Le immagini dell’ultimo appuntamento aziendale ce le avete ancora impresse negli occhi: ambiente disteso e conviviale, colleghi che si scambiano impressioni extra professionali lontano dal management, altri che fanno attività di gruppo, meglio se sportive, e sullo sfondo un clima generale di grande affiatamento. Bene, adesso alzi la mano chi pensa che questo sia “fare squadra”. Giù quelle mani. Questo è esattamente il genere di cose che meno si avvicinano al fare squadra. D’accordo, servono anche momenti così nell’economia generale di un’organizzazione, non stiamo dicendo questo, ma – guardiamoci negli occhi – un team, un vero team, è un’altra cosa. E se ti occupi di risorse umane, non puoi continuare ad ignorarlo a lungo.

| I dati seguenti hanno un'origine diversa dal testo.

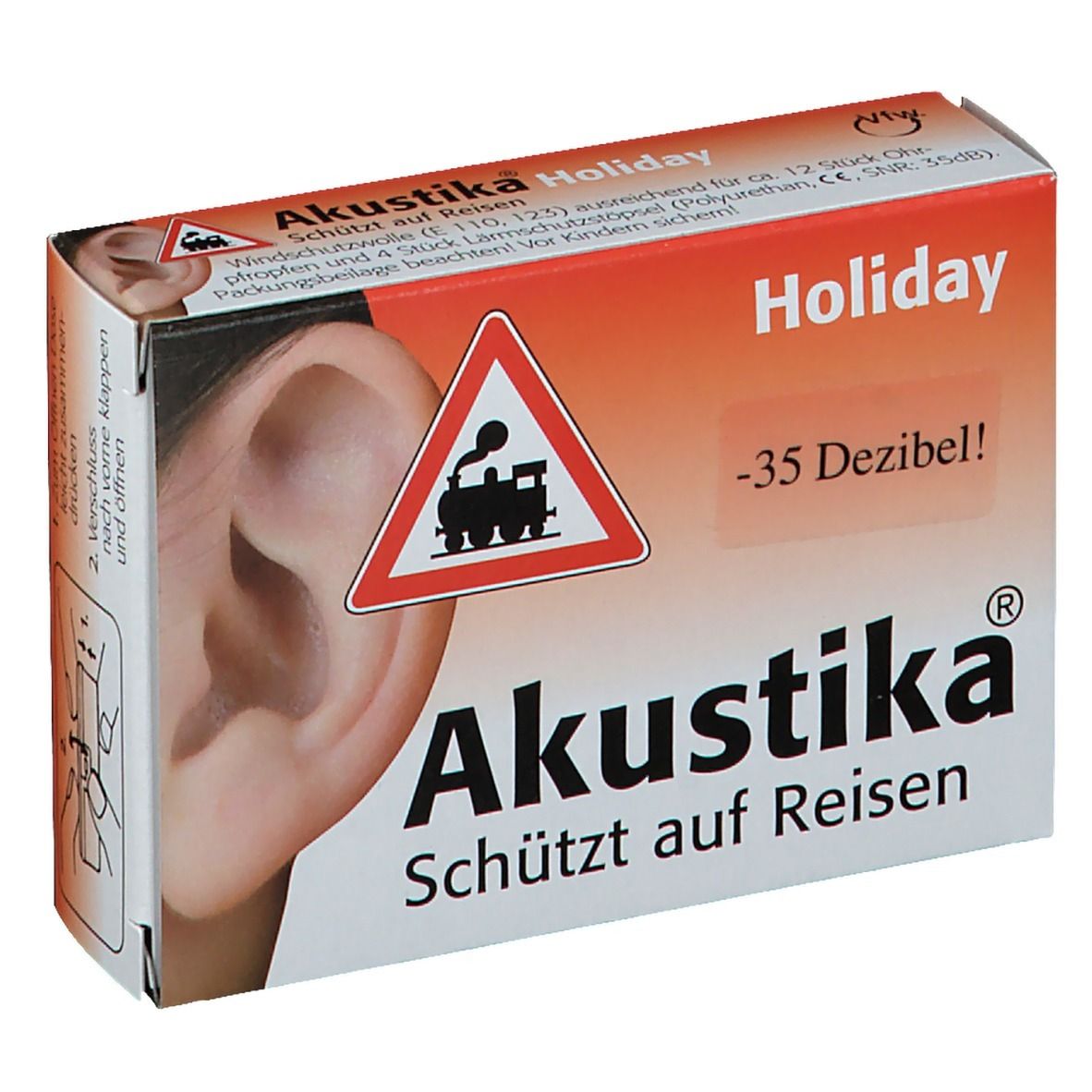 Akustika Holiday Windschutzwolle+Lärmschutzstöp. 1 St Kombipackung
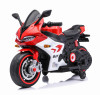 Детский электромотоцикл Ducati (12V, EVA, ручка газа, спидометр) - FT-821-RED-WHITE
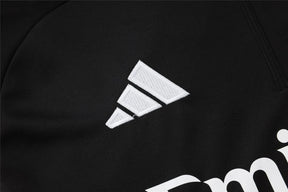 Agasalho Real Madrid 2025/26 Preto - Com Fecho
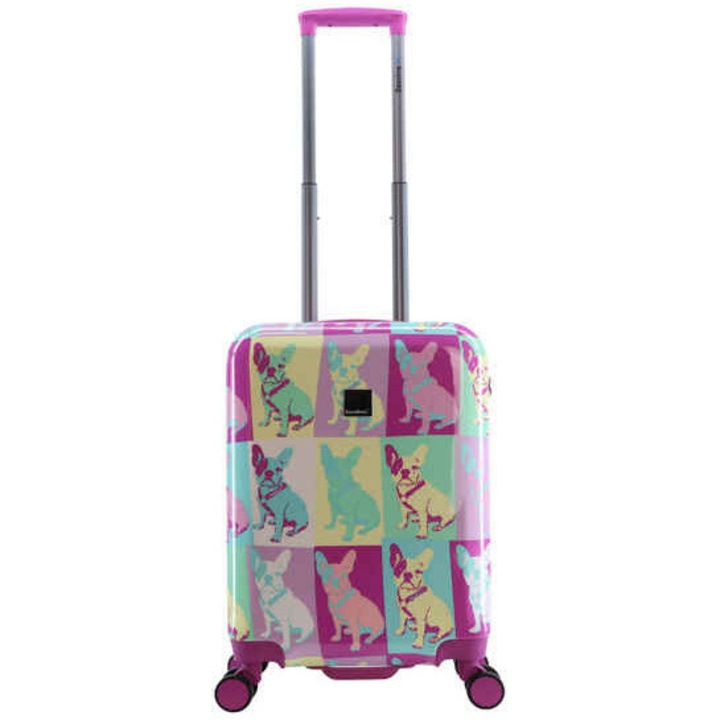 Troler de cabina S, bagaj de mana 20x36x55 cm, 34 l, roti pivotante 360°, Bulldog Color, Saxoline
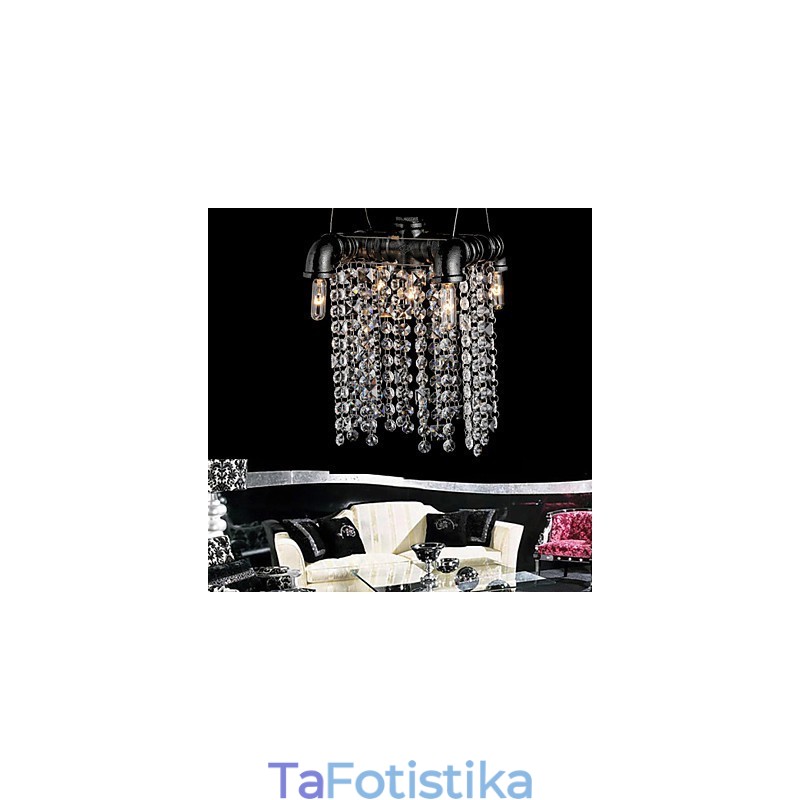 Πολυέλαιος Mini Style Rustic Lodge Retro Metal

Molte aziende continuano infatti a mistificare il valore di un team in termini produttivi, alimentando più o meno implicitamente la competizione tra dipartimenti e tra elementi dello stesso dipartimento. E questo nella convinzione suggestiva (ma effimera) che sia la concorrenza il migliore catalizzatore per un lavoro produttivo e di qualità. In qualche caso può anche darsi, ma se accettate questo, allora preparatevi a un continuo ricircolo di professionalità. Perché quello che poggia su queste basi, sarà sempre un sistema tossico. E pertanto destinato all’implosione.
Aumentare la fiducia tra i membri di un gruppo di lavoro, e, meglio ancora, tra membri di dipartimenti diversi tra loro: ecco invece cosa serve a un vero team. La fiducia, e non la competizione, è il booster naturale alla tua attività di gruppo.

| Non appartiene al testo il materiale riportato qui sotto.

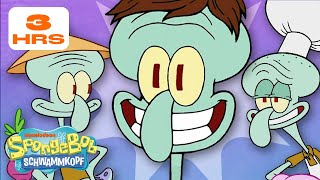 SpongeBob  3 Stunden der BESTEN Momente von Thaddäus  Spongebob Schwammkopf [upl. by Gaut]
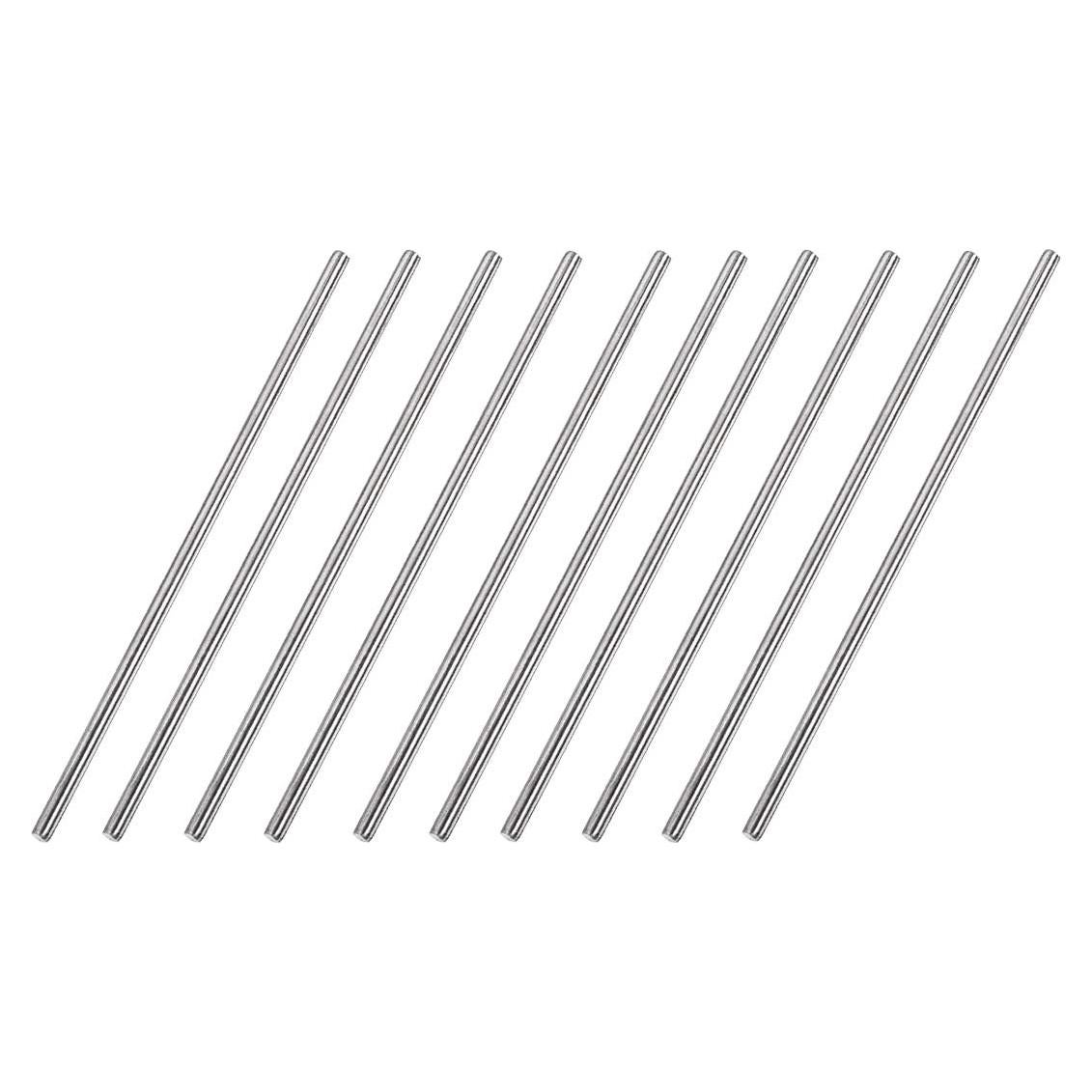 Varilla Redonda Sólida Acero Inoxidable 304 Uxcell 3mm x 100mm - 10pcs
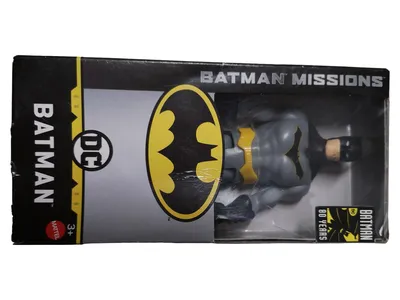 Mattel Batman Missions Actionfigur GCK97 14cm Grau Abenteuer Spielzeug
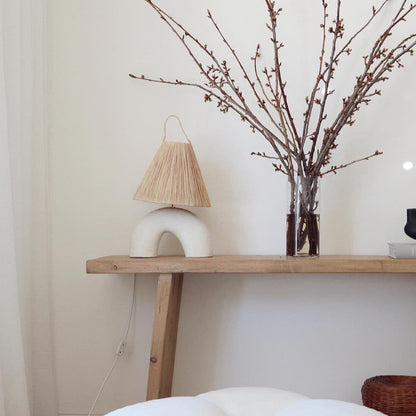 LuxeVolta - Table Lamp with Sleek Base and Electric Power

Ma per tutte le comunità che si rispettino, anche per quelle in vitro servono regole. Poche. Precise. Chiare. Rispettate da tutti.
Ne abbiamo messe in fila alcune, partendo dalla prima, e più importante:
- i team si creano con dei progetti, piccoli o grandi, meglio se cross-dipartimentali: gli aperitivi in terrazza e gli sport di squadra usateli per festeggiare i risultati ottenuti
- per creare un team ci vuole tempo e, soprattutto, la partecipazione del management
- anche per i progetti minori, serve individuare leader in grado di gestire e motivare
- occorre avere obiettivi chiari, che si traducano cioè in azioni concrete e in ruoli prestabiliti
- promuovere una vista d’insieme, perché tutti sappiano cosa succede a un palmo da loro naso
- spiegare all’inizio tanto l’obiettivo quanto le restrizioni: budget, tempi, processi di approvazione
Più le aziende sono grandi, maggiore può essere la portata del loro problema, ma anche migliori i progetti da poter mettere in cantiere. Le grandi organizzazioni sono infatti quelle che più di altre pagano lo scotto di ragionamenti fatti a comparti stagni. Superare le frontiere dipartimentali è, infatti, per queste, il più grande degli ostacoli. E finiscono così per organizzare appuntamenti come quelli descritti in apertura di articolo. Occasioni che serviranno magari anche a raccogliere un numero notevole di dipendenti nello stesso luogo nello stesso momento, ma che hanno rilevanza zero in termini di coesione.
Una soluzione, potrebbe essere quella di organizzare, al posto di un unico grande appuntamento da 100 invitati, 25 micro appuntamenti da 4 invitati, e spalmarli in un arco maggiore di tempo. Provate solo per un istante a pensarci: quattro persone riunite intorno a un tavolo con il pretesto di un progetto, scambieranno per forza informazioni migliori, e più precise, che a bordo piscina, e in mezzo a un mare di altri colleghi.